Stored data
Segment Open
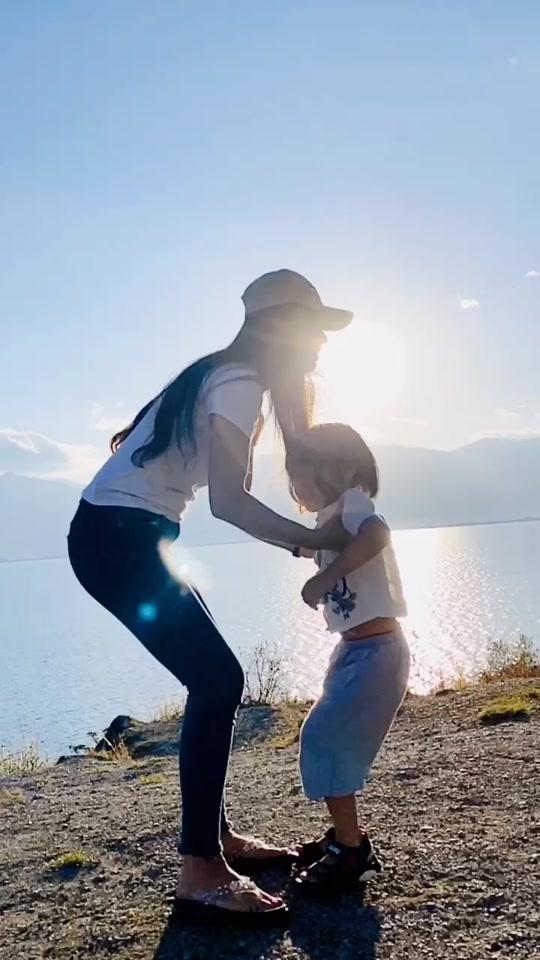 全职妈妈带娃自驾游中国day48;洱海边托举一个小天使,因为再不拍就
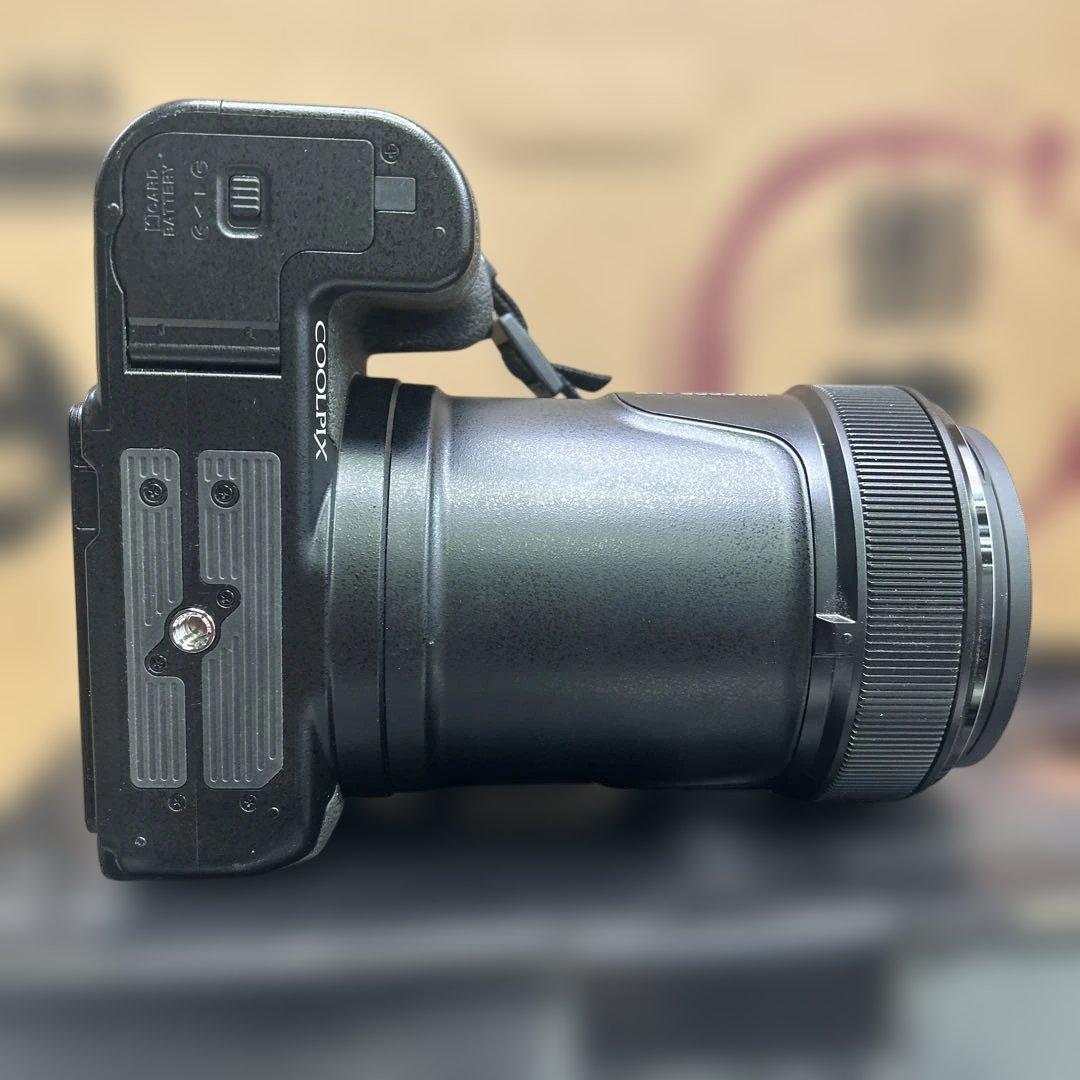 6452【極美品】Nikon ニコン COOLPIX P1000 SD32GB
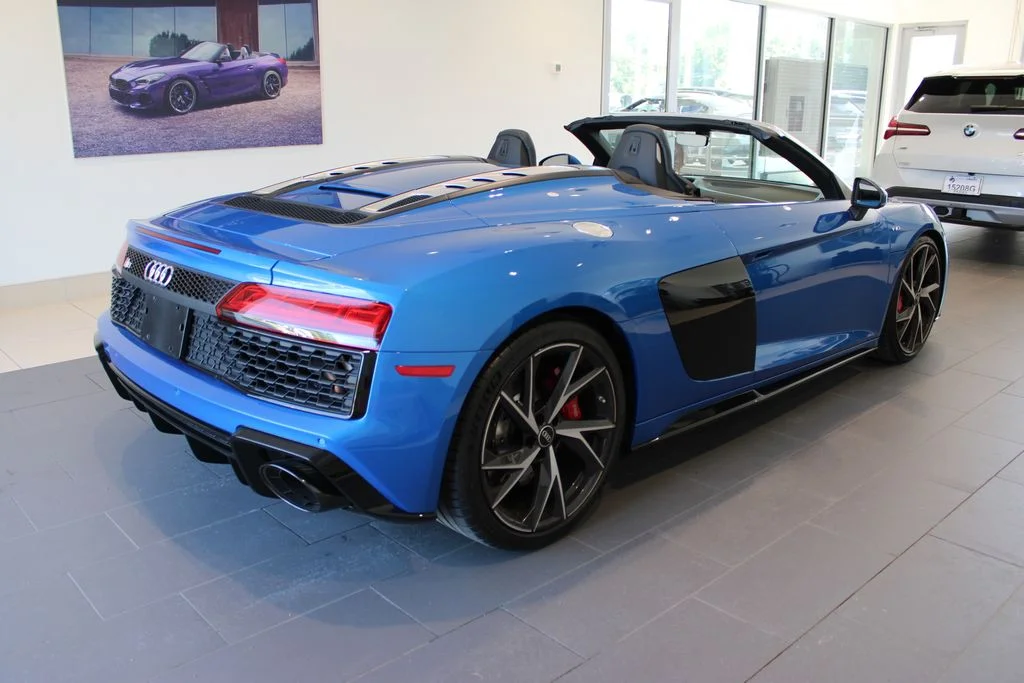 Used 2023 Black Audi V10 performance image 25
Segment Closed
What is expected
Copy the data word for word and omit every picture.

Expected answer
 全职妈妈带娃自驾游中国day48;洱海边托举一个小天使,因为再不拍就
 6452【極美品】Nikon ニコン COOLPIX P1000 SD32GB
 Used 2023 Black Audi V10 performance image 25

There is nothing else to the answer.